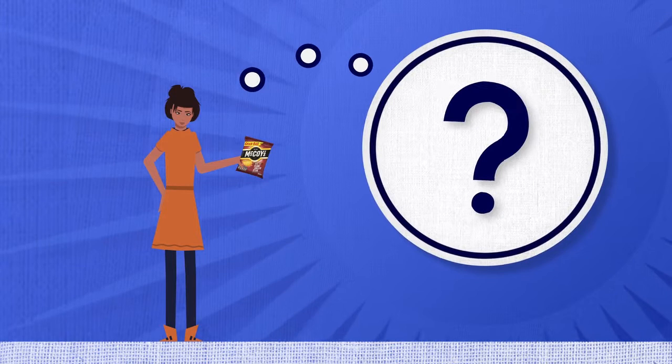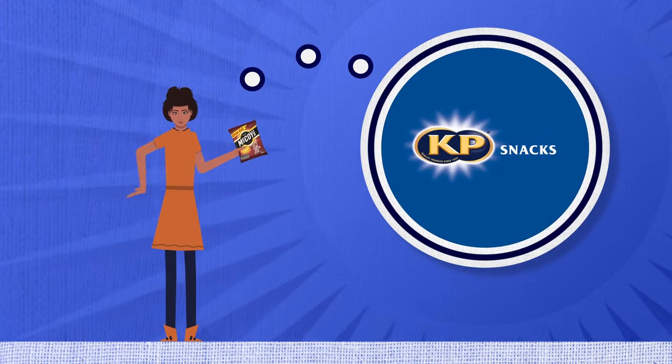You know when you look at a crisp packet and think, that would make a great garden chair? No? Well, at KP Snacks, we're asking you to, as part of our Pack Promise.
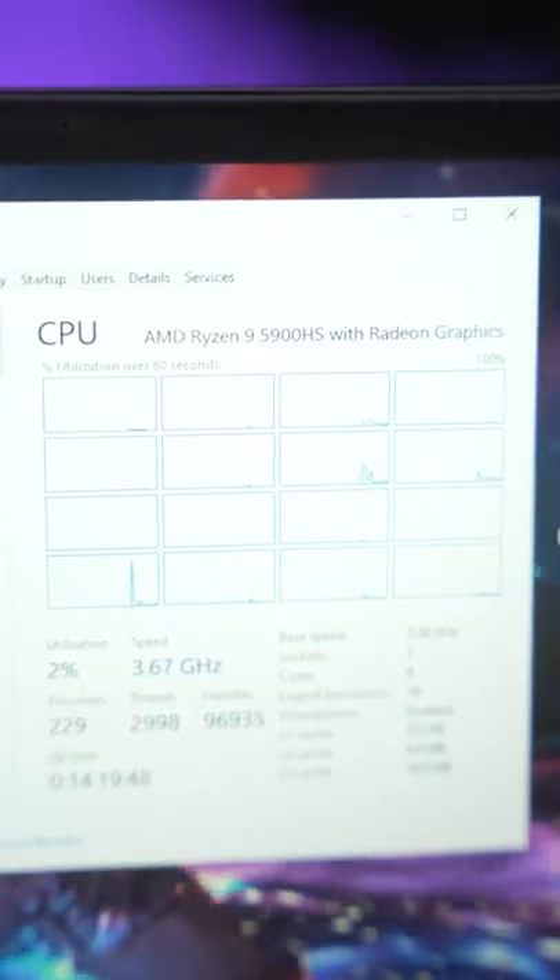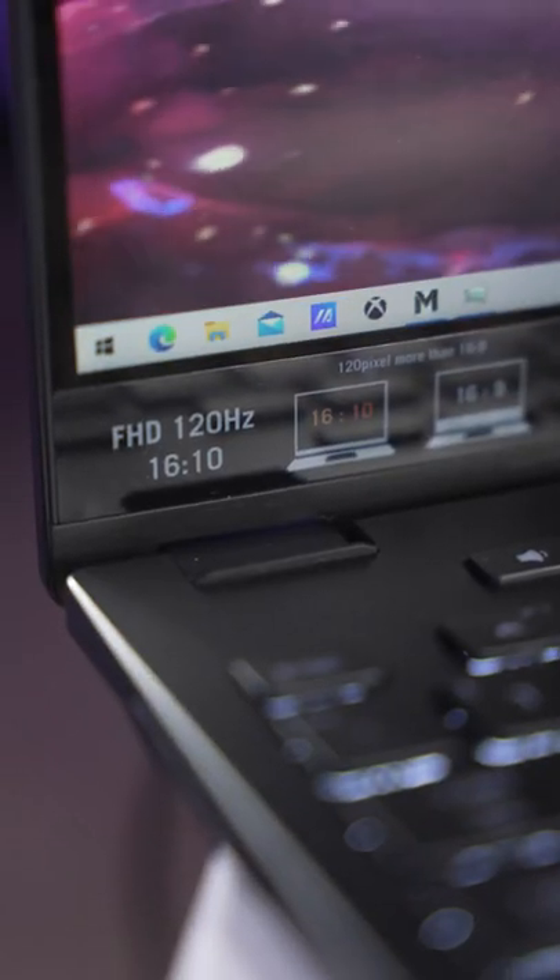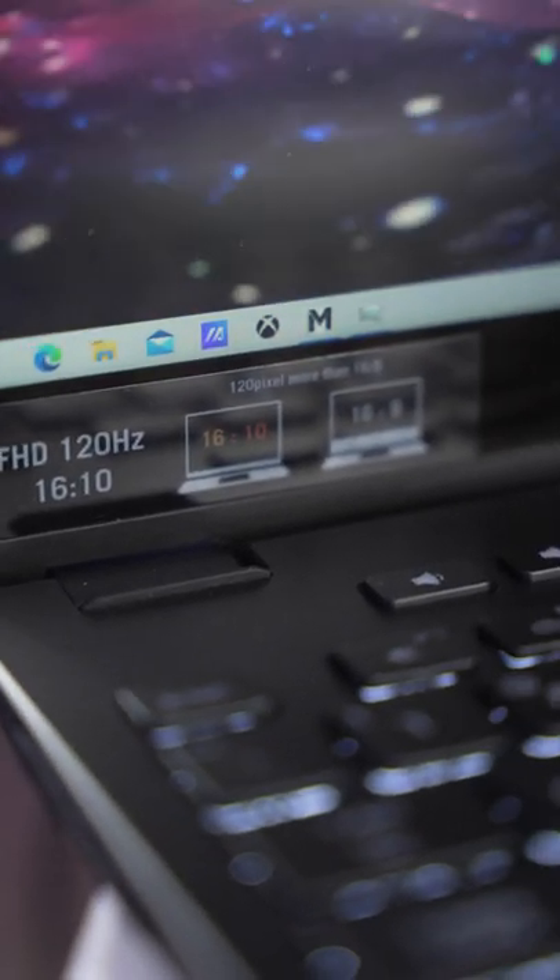This is a crazy little laptop. It's got an 8-core Ryzen 9 5900HS, 16 gigs of RAM, 1 terabyte SSD, and an RTX 3050 Ti. But it only has a 13-inch display and only weighs about 2 pounds. And it's got a 120Hz 1920x1200 16x10 display.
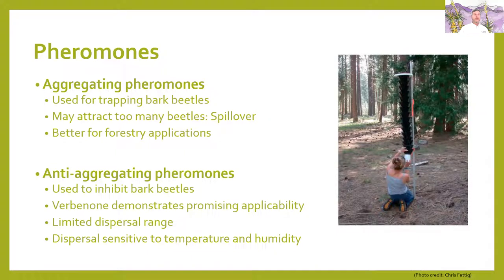Pheromones have had a lot of research put into them for controlling bark beetle attacks. The beetles themselves will put out an aggregating pheromone or an anti-aggregating pheromone. When beetles enter a tree, they send out aggregating pheromones and more beetles come. When the tree is fully occupied, they start sending out anti-aggregating pheromones to tell other beetles to go somewhere else. Aggregating pheromones are used for trapping bark beetles and to show when flights start. However, as a homeowner, it may attract too many beetles and then spill over into your other trees, so it's better for forestry applications rather than home landscape applications.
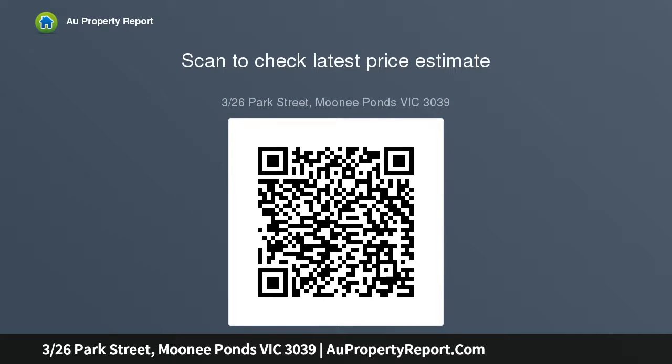An undercover car space and additional visitor parking link the immediate convenience to that of the address — Queen's Park.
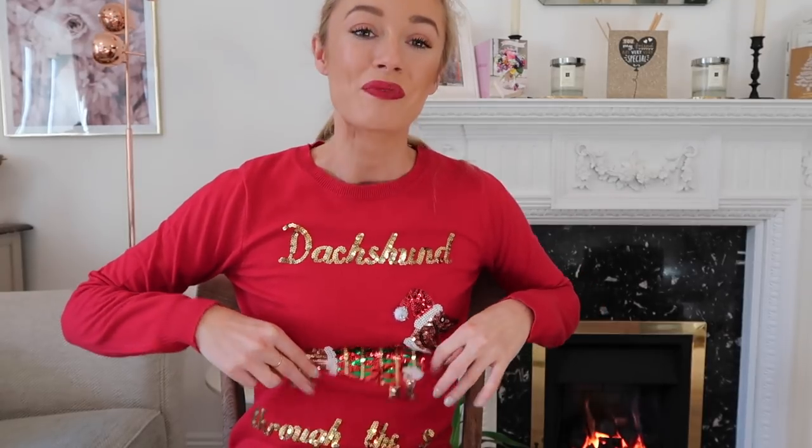Before we get started, I have to talk about my jumper — it says 'Dachshund through the snow' and it has got a sequin sausage dog on it. It's basically my spirit Christmas jumper. This was from Florence and Fred at Tesco, so nice and affordable. As of the day of filming, these calendars are all still in stock, but they do tend to sell out really quickly, so I'd recommend not hanging about. Links are in the description box below.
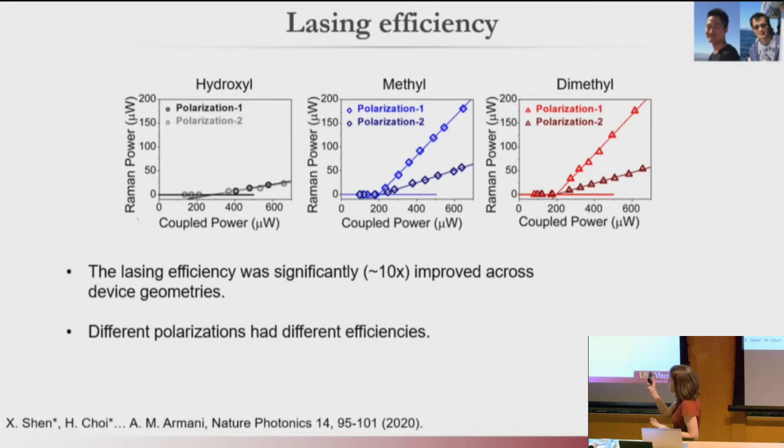Looking at lasing efficiency: the threshold power and efficiency for our hydroxyl-coated devices aligned with everybody else who'd ever done this type of measurement before — about 6% efficiencies — a good sanity check control. For the methyl and dimethyl-coated devices, there is a very clear difference in efficiency for the two polarizations, and the threshold is actually a little bit lower than the hydroxyl-coated devices. Looking at this graph, that second methyl group hanging on there isn't really doing anything — it's really the monolayer that's playing a role, without a damping behavior from the methyl group.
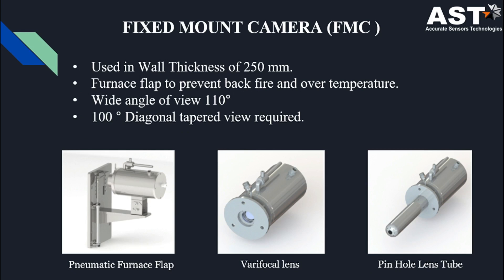In the fixed mount camera system, we have four types of furnace monitoring cameras. The first diagram shows the pneumatic furnace flap, the second shows a vari-focal length diagram, and the third picture shows the pinhole lens tube. It is used in wall thickness of 250 mm and has a wide-angle view of 110 degrees. The furnace flap is used to prevent backfire and over-temperature.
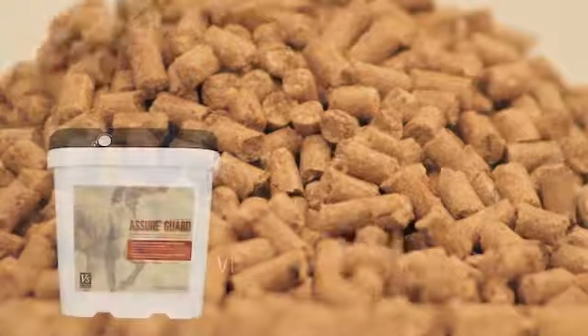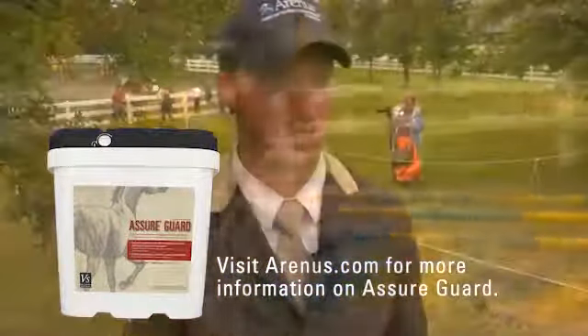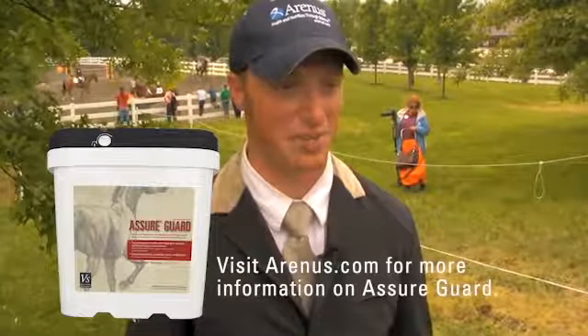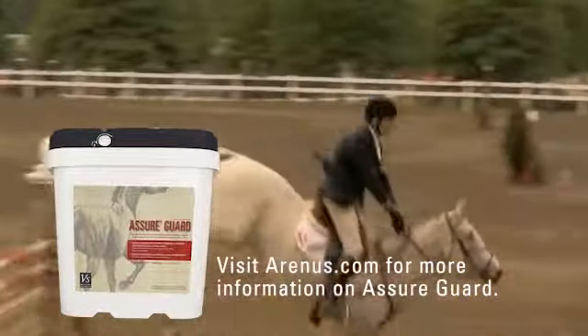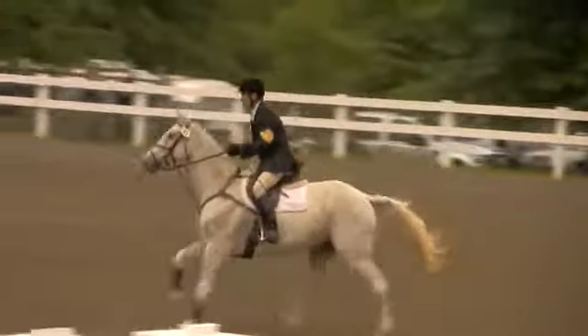We've got 17 horses at the moment, and the Ashore Guard is a vital part of our feeding program because our horses are on the road so much — they're traveling, we're asking a whole lot of them, and it's a lot of stress put on them. So being that it helps their whole GI tract and buffers their hindgut, we've found it's been a huge, huge help to our horses.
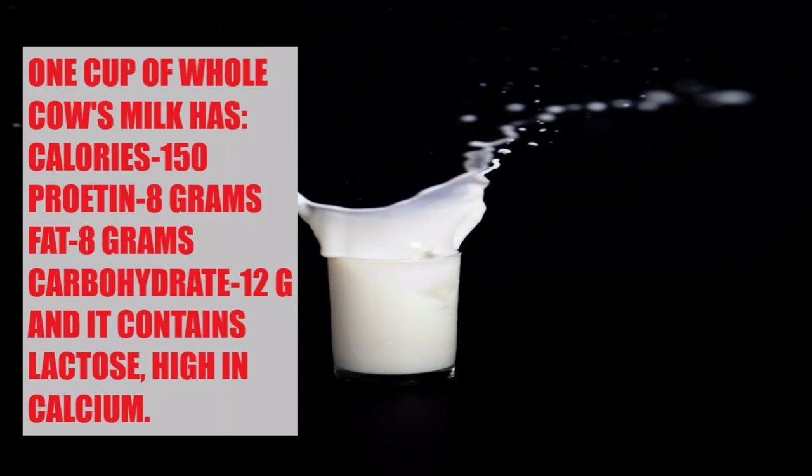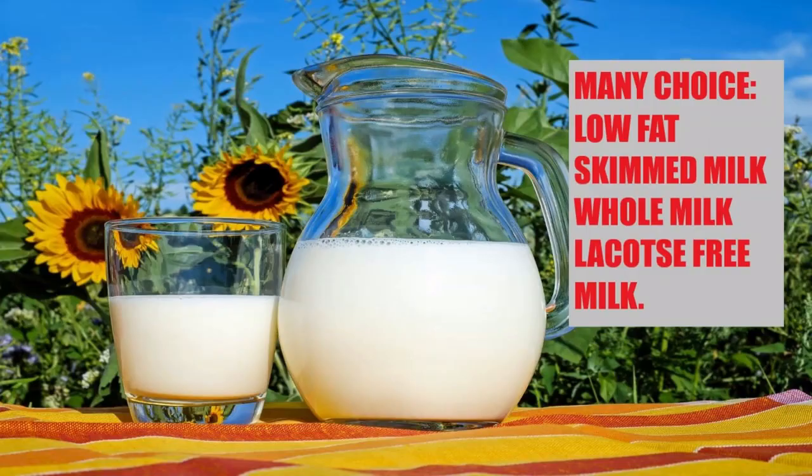Cow's milk contains more fat and calories when compared to soy milk. When it comes to cow's milk, there are many choices, like whole milk, skimmed milk, low-fat milk, lactose-free milk, and fortified milk with vitamin D. It is important to choose pasteurized milk or ultra-heat-treated milk to prevent the spread of disease from cow's milk.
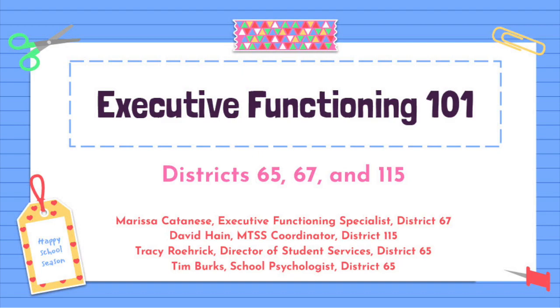Welcome to Executive Function 101. Today we'd like to give you some background on executive functions, provide you with tips and strategies to help your students improve their organizational and study strategies, and share some of the systems we have in school to support students in their executive functioning and academics.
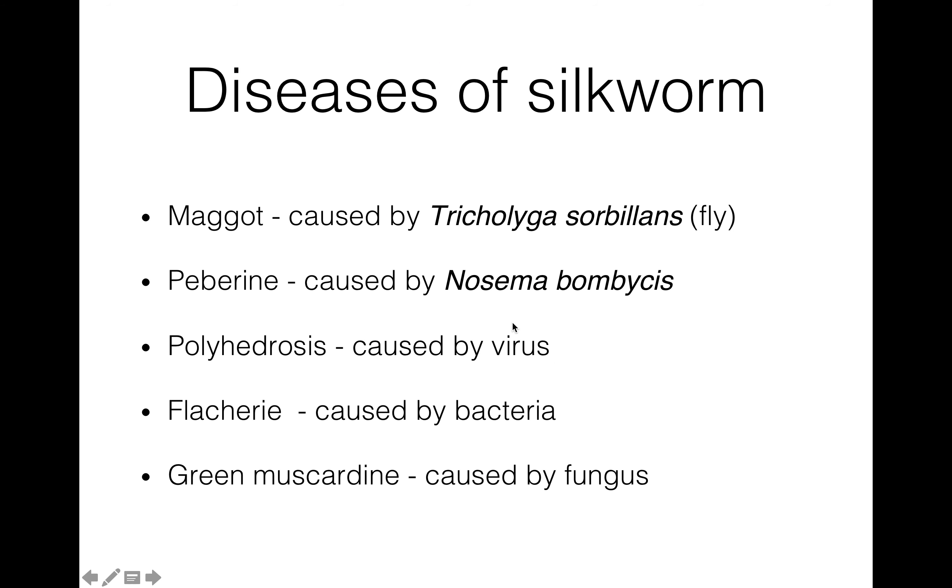Now there are some diseases of silkworms which are very harmful to the sericulture industry, so we have to take precautions so that worms do not get any diseases. The sericulture industry suffers from a number of diseases in the tropical region of Southeast Asia causing severe damage. First is maggot, which is caused by Tricholyga bombycis, a type of fly. The presence of milky white cylindrical eggs on the skin of silkworm larvae is a symptom of this disease. Now pebrine — it is caused by Nosema bombycis, a microsporidian microorganism. It is the worst disease of silkworm. When new spores are formed in the tissue of the alimentary canal, they are discharged with the feces and become a source of infection.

PROBLEM TO WORK ON:
A word-for-word reproduction is needed of the lines above from the line containing "We've got 17" through the line containing "Welcome to Executive", with both ends kept and no pictures.

RESPONSE:
We've got 17 horses at the moment, and the Ashore Guard is a vital part of our feeding program because our horses are on the road so much — they're traveling, we're asking a whole lot of them, and it's a lot of stress put on them. So being that it helps their whole GI tract and buffers their hindgut, we've found it's been a huge, huge help to our horses.
Cow's milk contains more fat and calories when compared to soy milk. When it comes to cow's milk, there are many choices, like whole milk, skimmed milk, low-fat milk, lactose-free milk, and fortified milk with vitamin D. It is important to choose pasteurized milk or ultra-heat-treated milk to prevent the spread of disease from cow's milk.
Welcome to Executive Function 101. Today we'd like to give you some background on executive functions, provide you with tips and strategies to help your students improve their organizational and study strategies, and share some of the systems we have in school to support students in their executive functioning and academics.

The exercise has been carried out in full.